It’s not entirely clear to me if they were always referred to as INA, but it’s what the company is usually called.
Yes, of course. But people rarely if ever do that anymore. It’s certainly sketchy on the Dope. I wonder when in initialism history we stopped spelling things out when first using initials? I think it was a 21st century thing where it exploded with the use of smart phones.
And at some point people started thinking, “Gee, if I know that acronym, everybody else must!”
The Dutch East India Company or Verenigde Oostindische Compagnie was the world’s first joint stock company. It was universally known as the VOC, and those initials were plastered over a lot of their stuff. The wikipedia article cites a credible assessment that the classic VOC logo was probably the first globally recognised corporate logo.

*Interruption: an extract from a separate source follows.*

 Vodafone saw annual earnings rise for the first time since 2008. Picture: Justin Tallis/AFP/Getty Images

The Peabody Essex Museum in Salem, MA has a collection of Dutch East India stuff, all with the VOC logo on it. (Salem had an extensive trade with Asia, which they’d rather you remember about the city, rather than that unfortunate business with the witches. Hence the VOC stuff.)

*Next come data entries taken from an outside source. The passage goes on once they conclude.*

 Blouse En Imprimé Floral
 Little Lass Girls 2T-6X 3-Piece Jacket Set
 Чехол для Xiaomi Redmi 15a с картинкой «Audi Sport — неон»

Because there are some acronyms that not “everybody else” but most people in the writer’s audience know. I doubt people go around writing Federal Bureau of Investigation or National Association for the Advancement of Colored People when the FBI or NAACP first come up in an article, post, email, etc.

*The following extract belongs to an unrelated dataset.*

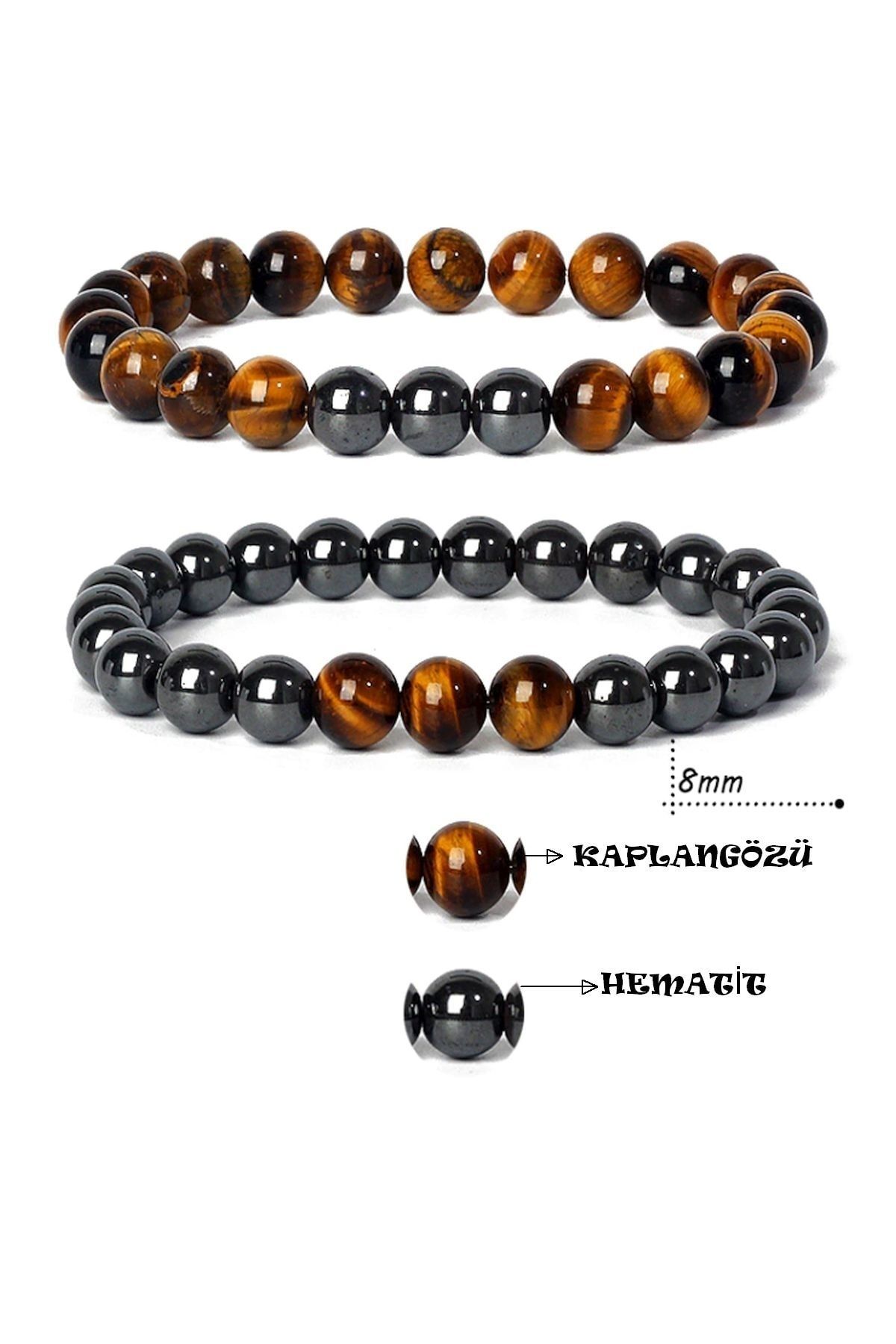 Ikili Koruma-güç Bilekliği (kaplangözü-hematit) - Görsel 2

Where I work, there’s a strict “use the words the first time” policy in our writing (and our job is churning out writing!) but everybody looks the other way when Deoxyribonucleic Acid comes up.
There’s also royal ciphers - those ER (and now, CR) common on things like British mail boxes etc.
Generally they are clever arrangement or intertwining of initials, but the point is they use the first letters, of say, James Rex (JR) for James II in the late 1600’s, or George Rex (GR) for George I in the early 1700’s. The old-timey folks were not unaware of lead letters standing for whole words.